At Cardinal Weekend 2014

What led you to The London School of Economics and Political Science? Did you plan on furthering your education when you were an undergrad student?

I vaguely considered grad school as a college student. I somehow heard about an opportunity to earn a bachelor’s and a master’s degree in 5 years -- an idea that appealed to me. But I put it on the back burner until I studied abroad at St. Catherine’s College, Oxford, through CUA during my junior year. I loved studying at Oxford so much that it sparked my interest in pursuing postgraduate education in the UK.

Oxford in January 2010 -- the month I first arrived and traveled abroad.

How was the time you spent in London? Did you travel around Europe? If so, what was your favorite city?

I absolutely loved London. I became the person I had always wanted to be in that city. Between attending grad school and starting my career there, I have many roots that I hope will stay strong. I also traveled whenever time and money allowed. London is extremely expensive, so freelancing there was hard. But since so many of my grad school friends were from different European countries, I often had free places to stay on my travels.

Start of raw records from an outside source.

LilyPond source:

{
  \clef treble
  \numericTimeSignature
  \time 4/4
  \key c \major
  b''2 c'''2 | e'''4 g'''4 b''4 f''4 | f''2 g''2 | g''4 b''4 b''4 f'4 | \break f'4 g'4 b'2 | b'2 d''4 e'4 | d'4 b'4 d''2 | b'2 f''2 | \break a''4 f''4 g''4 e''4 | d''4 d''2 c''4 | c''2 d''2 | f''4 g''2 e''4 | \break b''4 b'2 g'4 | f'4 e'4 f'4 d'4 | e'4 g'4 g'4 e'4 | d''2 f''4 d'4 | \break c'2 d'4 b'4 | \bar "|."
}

I have visited 15 European countries so far (and will visit them all, if possible!). It is hard to pick a favorite, although I especially loved Rome and Prague. I also just returned from visiting Croatia, and Lokrum (an island near Dubrovnik) is the most beautiful place I’ve been so far.

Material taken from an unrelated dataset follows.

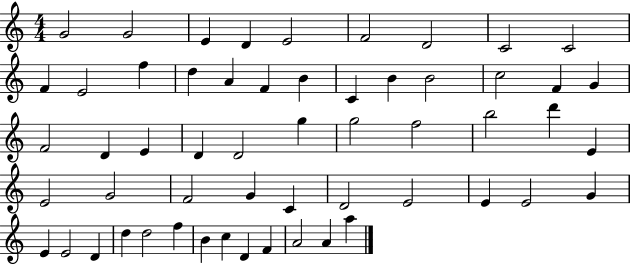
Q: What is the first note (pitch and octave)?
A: G4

On Lokrum Island in Croatia -- October 2015

What was it like to work as a media consultant for UK startups? Is the work culture in Europe different than the American work culture?

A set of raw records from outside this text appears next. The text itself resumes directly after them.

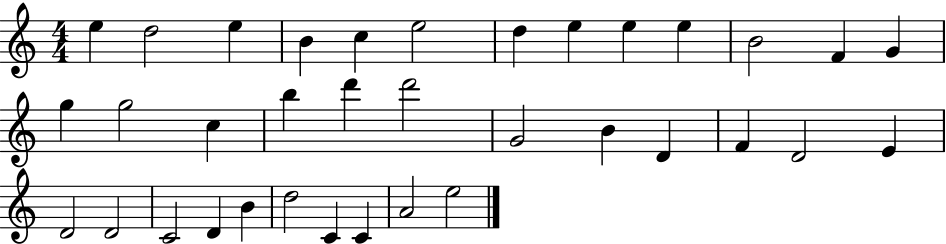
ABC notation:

X:1
T:Untitled
M:4/4
L:1/4
K:C
e d2 e B c e2 d e e e B2 F G g g2 c b d' d'2 G2 B D F D2 E D2 D2 C2 D B d2 C C A2 e2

Europe is so diverse that work culture varies between countries. But having worked in the UK, I can say that there are many subtle differences in how Brits and Americans communicate -- especially at work. There are loads of hidden nuances about how to phrase things, talk about yourself, and deliver feedback -- the UK is a much more indirect, implicit culture than the East Coast of the US.

Discerning those differences was a real challenge. But my first jobs as a freelance reporter and media consultant set the stage for my current career. And as my company expands our work internationally, I look forward to applying my experience. The world is more connected than ever. Knowing how to cross cultural boundaries in business is a must-have skill.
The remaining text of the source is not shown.